Before Spin, offers fascinating insights into the interface between government, business and media over half a century. Covering the period from the Second World War to the Blair era, Before Spin reveals many of the human stories from behind the headlines of those years, fleshing out the social history of post-war Britain.
Keith began his career as a young local newspaper reporter before landing a job on the Daily Mail, then making his way from Fleet Street into government PR in several ministries, then heading the Information Directorate at the Confederation of British Industry, and finally running his own PR firm.
The historical narrative begins in the late summer of 1939, when Keith, then a boy of ten, discovers his summer holidays will be prolonged because of the outbreak of war. The arrival of Canadian artillerymen, with their guns, uniforms and swing records, provided huge excitement for the lad, who from the photos of the time, looked like the eponymous hero of Richmal Compton's Just William books.
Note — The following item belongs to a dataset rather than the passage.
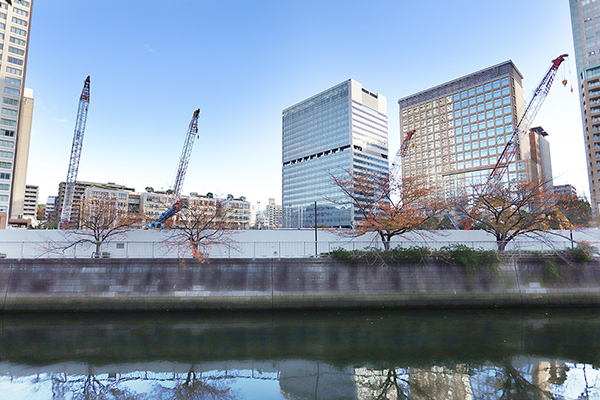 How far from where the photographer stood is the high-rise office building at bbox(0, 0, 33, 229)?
77625mm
A critical point in the autobiography is the death of Keith's father at the age of 43 in 1941. He died in hospital of bronchial disease, leaving the family to fend for itself, an experience that strongly shaped Keith's political views. The war dragged on as he grew up fast, for Londoners the night-time bombings were something to get used to; "we just got on with it," he says. Later in the war came the V-1 flying bombs, but it was the V-2s that were most terrifying. Over 1,300 of these ballistic missiles hit London from mid-1944 into early 1945. "Rumours of major incidents in London were circulating in which there was no sound of an an engine, but just a sudden massive explosion with far more devastating damage that could be caused by a doodlebug. We heard on the grapevine that 164 people had been killed as they queued at Woolworth's in New Cross... The V-2 rocket... literally arrived out of space...[it was] so terrifying because there was no way we could prepared or take cover."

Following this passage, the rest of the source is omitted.